* [Dataset content]

──────────────────────────────

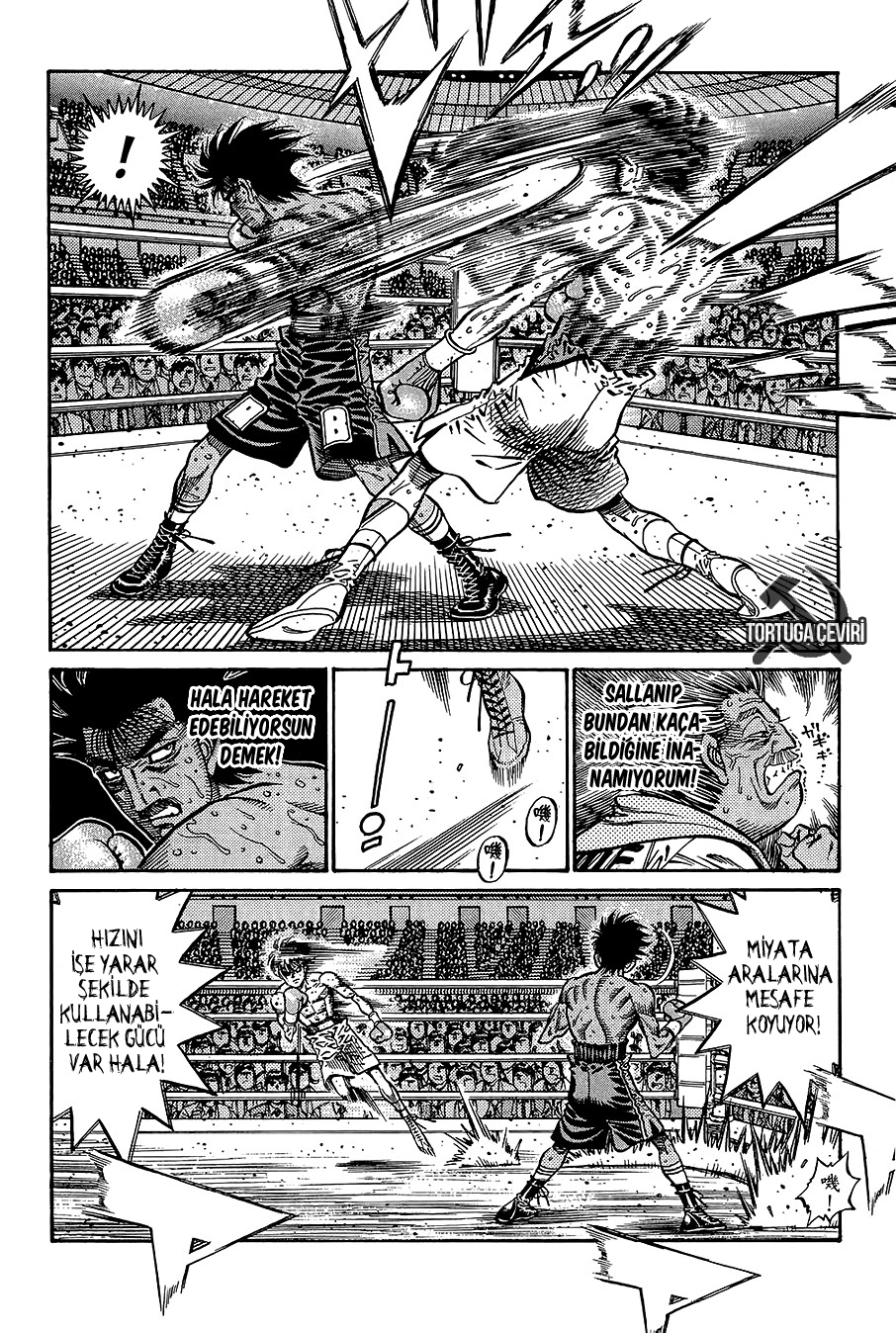 Read Hajime no Ippo Tr Manga Online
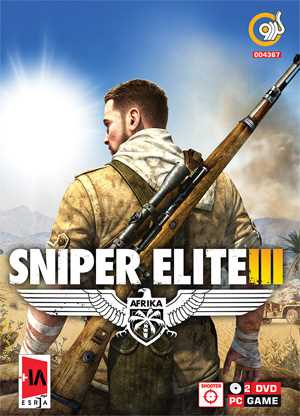 Sniper Elite 3 Asli PC 2DVD gerdoo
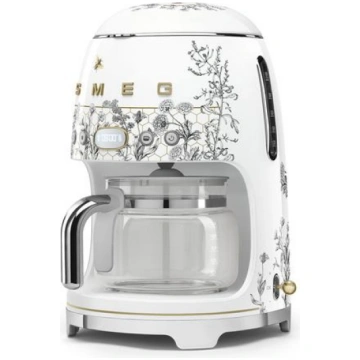Smeg 50s Style Drip Filter Coffee Machine DCF02WHE
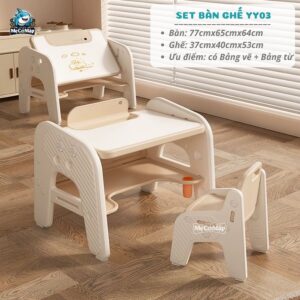 Bộ bàn ghế PAKEY YY02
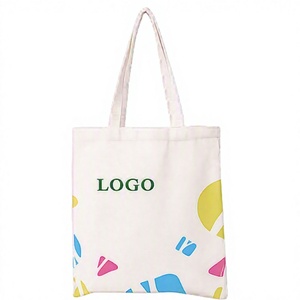 Bolsa de Tela de Algodón Económica con Logotipo Personalizado, Bolsas de Tela Reutilizables Ligeras para Compras, Regalo Promocional Publicitario - Product Image 4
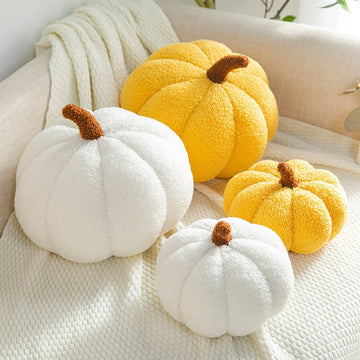 Kawaii Pumpkin Squishy Plush Toy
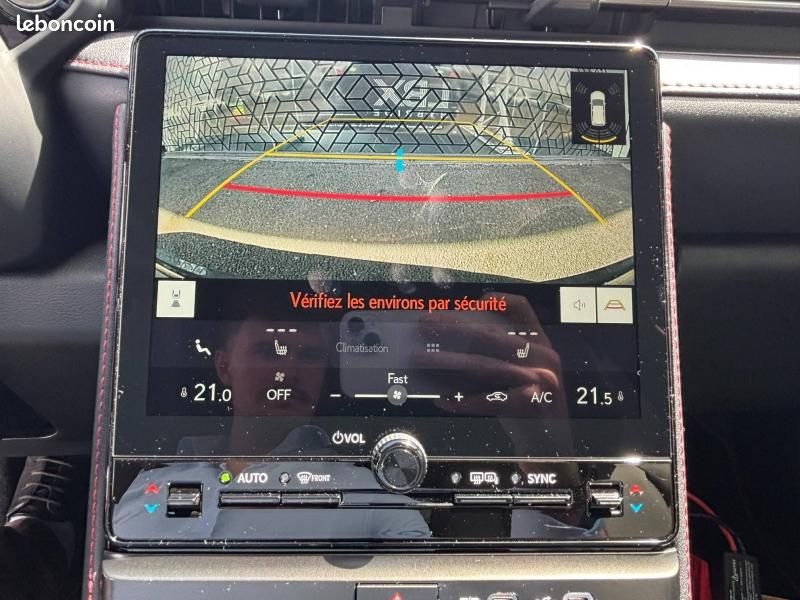 Lexus LBX 1.5 136ch Emotion PACK TECHNO 2WD MY26 (image 11)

──────────────────────────────

Please copy the preceding records exactly and omit the images.

* [Result of this task]
 Read Hajime no Ippo Tr Manga Online
 Sniper Elite 3 Asli PC 2DVD gerdoo
Smeg 50s Style Drip Filter Coffee Machine DCF02WHE
 Bộ bàn ghế PAKEY YY02
 Bolsa de Tela de Algodón Económica con Logotipo Personalizado, Bolsas de Tela Reutilizables Ligeras para Compras, Regalo Promocional Publicitario - Product Image 4
 Kawaii Pumpkin Squishy Plush Toy
 Lexus LBX 1.5 136ch Emotion PACK TECHNO 2WD MY26 (image 11)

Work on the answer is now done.